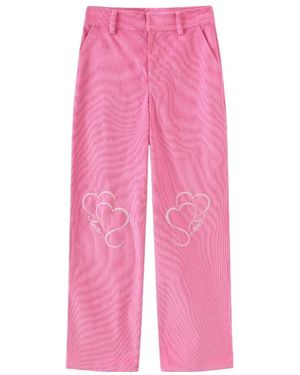 Marissa Chiara Belt Loop Casual Pants - Pink
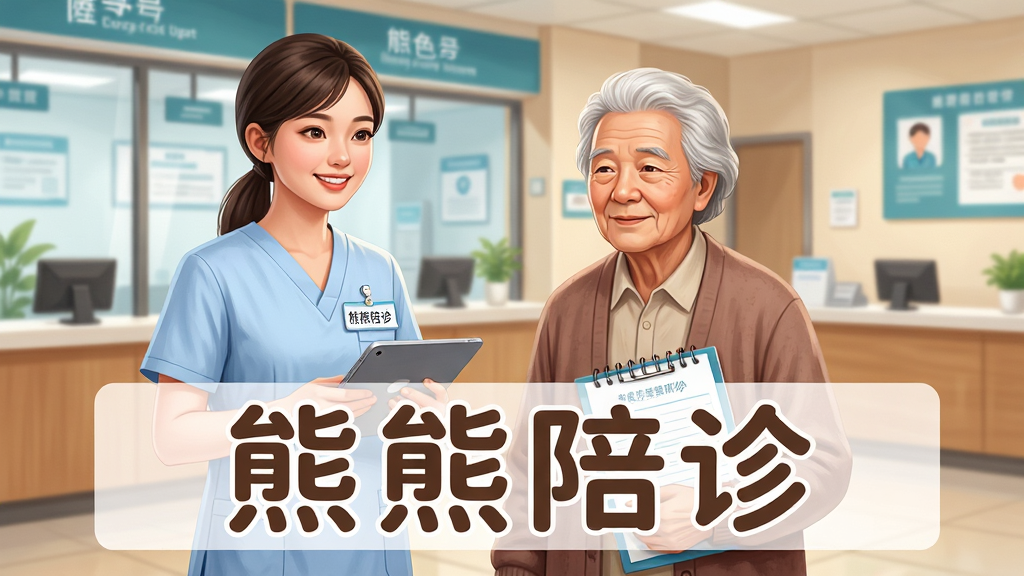 主体:一位面带微笑的年轻女性陪诊师身穿淡蓝色工作服,手持平板电脑,站在医院大厅引导一位老年患者。布局:陪诊师在画面左侧,老人居中,背景是清晰的医院挂号窗口和导诊台。排版:画面下方三分之一处放置白色半透明底框,上面写着“熊熊陪诊”四个大字,字体圆润可爱。风格:写实插画风,色彩明亮温暖,人物比例协调。细节:陪诊师胸前佩戴“熊熊陪诊”工作牌,老人手里拿着病历本,表情安心。画质:高分辨率,光影自然,干净无多余元素。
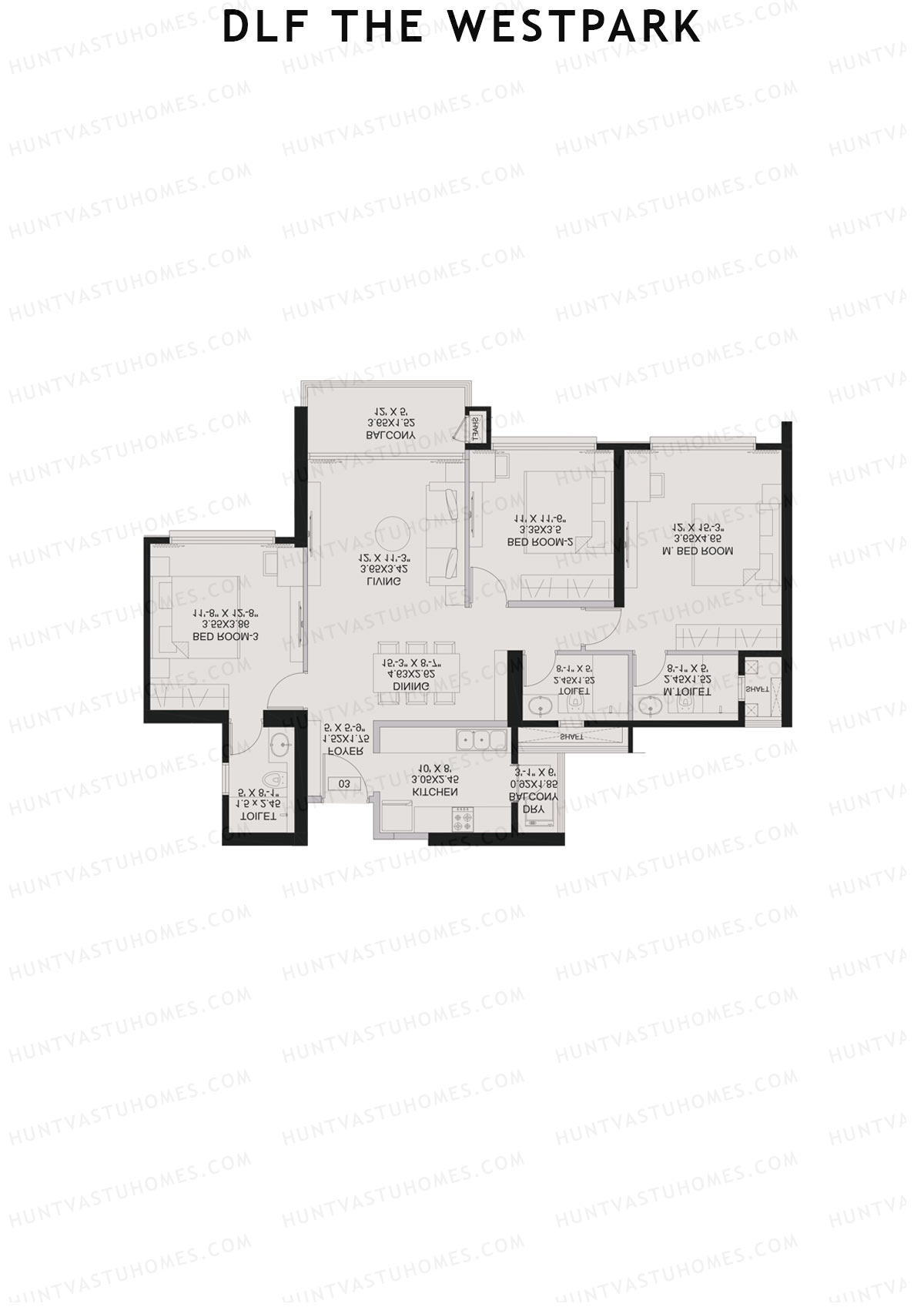 DLF The Westpark, Tower 3, Unit 4, 3BHK, Super Area 1126   sq ft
########################################
* **Exercise aim**: Reproduce verbatim every line starting at the line that holds "主体:一位面带微笑的年轻女性" and ending with the final line of the data; omit the pictures.

* **Exercise output**:
 主体:一位面带微笑的年轻女性陪诊师身穿淡蓝色工作服,手持平板电脑,站在医院大厅引导一位老年患者。布局:陪诊师在画面左侧,老人居中,背景是清晰的医院挂号窗口和导诊台。排版:画面下方三分之一处放置白色半透明底框,上面写着“熊熊陪诊”四个大字,字体圆润可爱。风格:写实插画风,色彩明亮温暖,人物比例协调。细节:陪诊师胸前佩戴“熊熊陪诊”工作牌,老人手里拿着病历本,表情安心。画质:高分辨率,光影自然,干净无多余元素。
 DLF The Westpark, Tower 3, Unit 4, 3BHK, Super Area 1126   sq ft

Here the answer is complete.